Medically reviewed by Mary Lucas, RN
Written by Apostrophe Team
Last updated 3/1/2023
Gorgeous, glowy skin that looks youthful and healthy? Yes, please!
Of course, getting that kind of complexion can be easier said than done. Everything from hormonal fluctuations to lifestyle habits (happy hour, we’re looking at you) can affect how your skin looks.
Luckily, there are a number of things you can do to get better skin.
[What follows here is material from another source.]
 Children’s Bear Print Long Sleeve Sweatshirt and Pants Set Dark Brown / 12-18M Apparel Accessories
Below are some tips and pointers that can get you closer to your goals.
Allowing gunk to build up on your face is no way to keep your skin healthy. Ideally, you want to wash your face twice a day (morning and night) — plus, anytime you work up a sweat. Oh, and skip the hot water and instead go with lukewarm water.
What you wash with matters, too. Be selective about what you choose to wash your face with — and, no, that bar soap in the corner of your shower probably won’t do. Research suggests that specially formulated cleansers may reduce acne and promote all-around skin health.
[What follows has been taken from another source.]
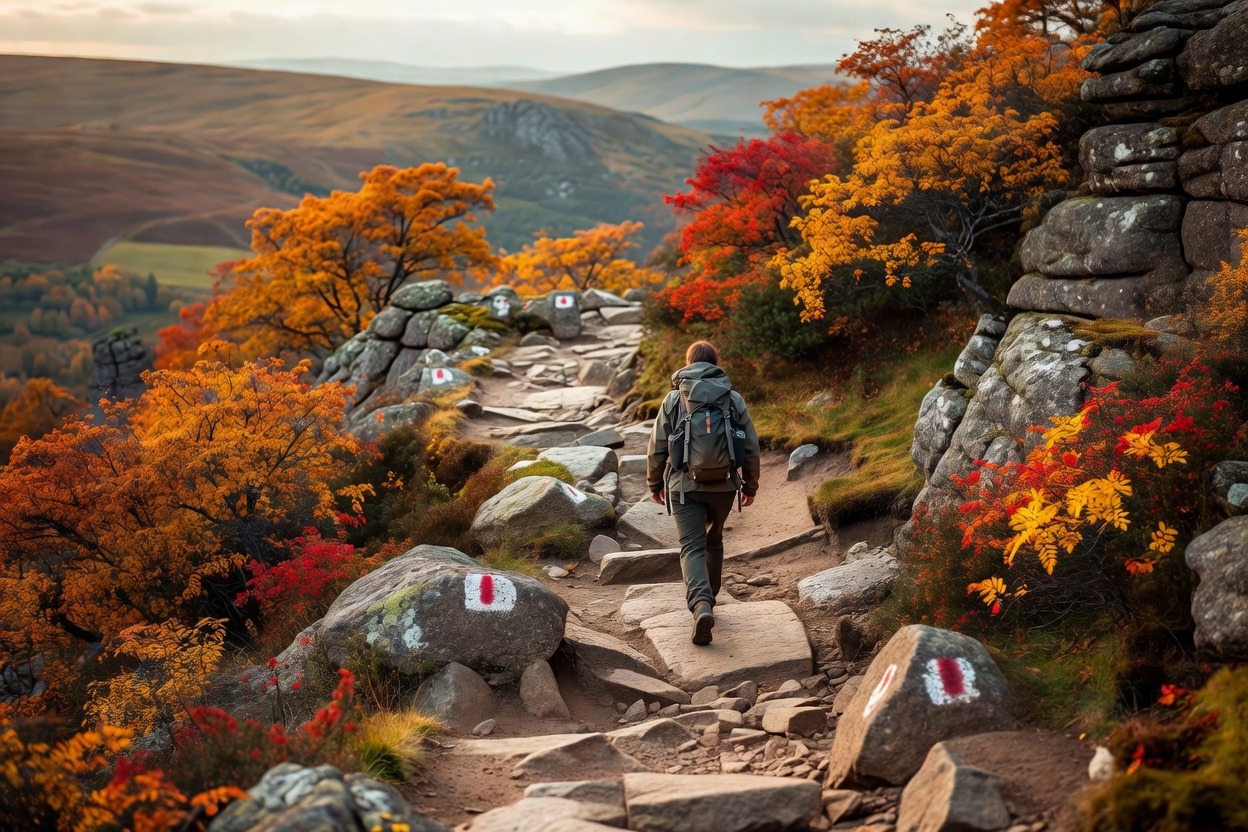Solo hiker walking along a marked granite fell trail in autumn colors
So, what makes up a high-quality face wash? You want something gentle and non-abrasive, and without any drying alcohol. Non-comedogenic is also a good word to look for on the label: It’s a fancy word that means the product is less likely to clog your pores.
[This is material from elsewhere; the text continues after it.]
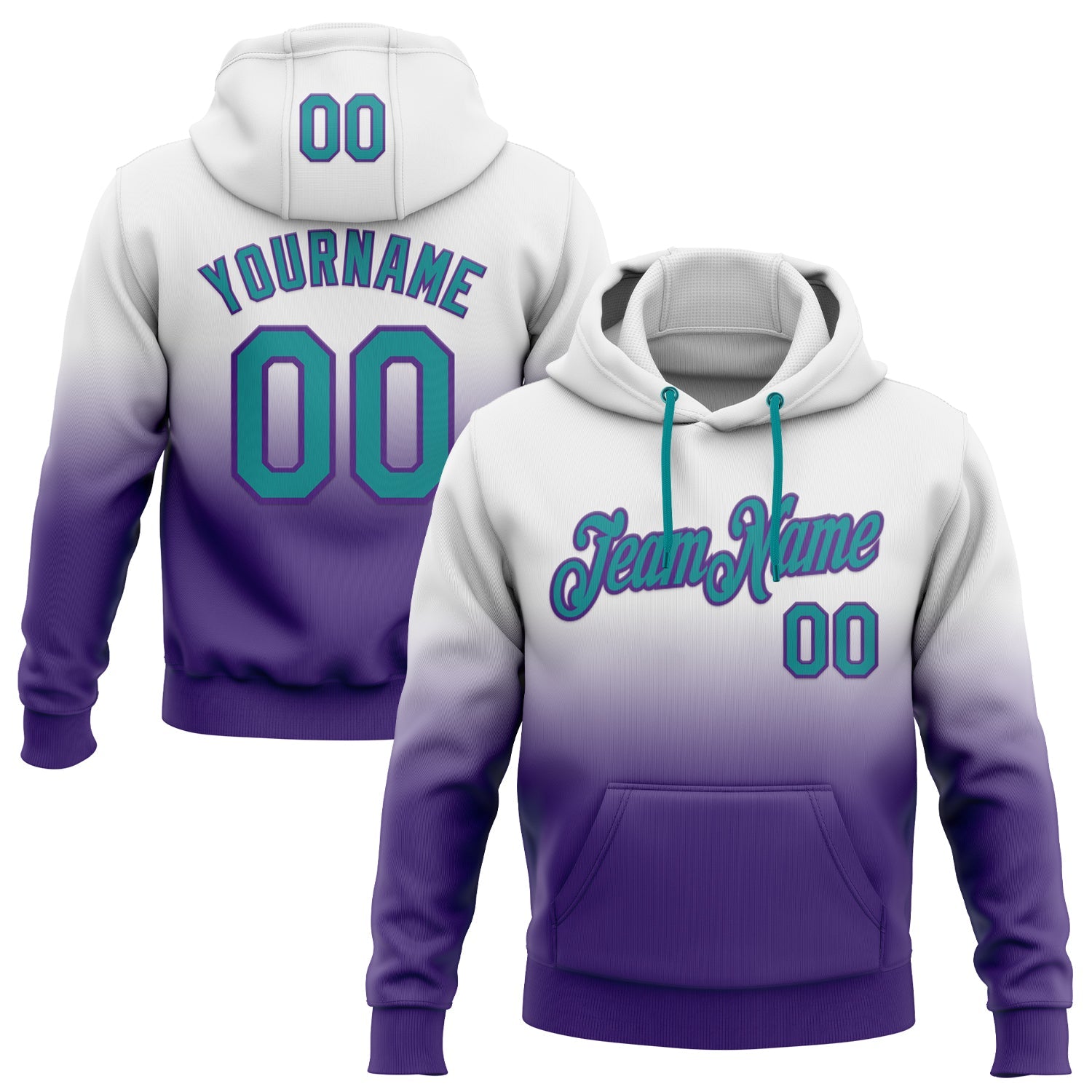 Custom Stitched White Teal-Purple Fade Fashion Sports Pullover Sweatshirt Hoodie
Want to learn more about how to get dewy skin? You can read our full guide to washing your face, here.
Moisturizers serve a variety of purposes. They hydrate skin, keep it smooth, and can also boost your skin’s function as a barrier, which protects your face more effectively from environmental factors.
Sebaceous glands under your skin actually help keep your skin lubricated on their own; these glands release oil that then nourishes your skin. However, this natural oil can be worn away by things like the sun, pollution, and more.
A hydrating face cream will add moisture back and give you radiant skin — and you should be using one, no matter your skin type.
Even if you have oily skin, you will still want to use a moisturizer or hydrating face cream. Skipping a moisturizer because you have oily skin could actually increase oil production. That’s because if your skin gets even a little dry, it tells your body to produce more oil, making the problem worse. Opt for a gentle moisturizer that works well for your skin type.
As for the ideal time to apply moisturizer? Right after you shower or wash your face. It can help ‘lock’ dewy moisture into your skin.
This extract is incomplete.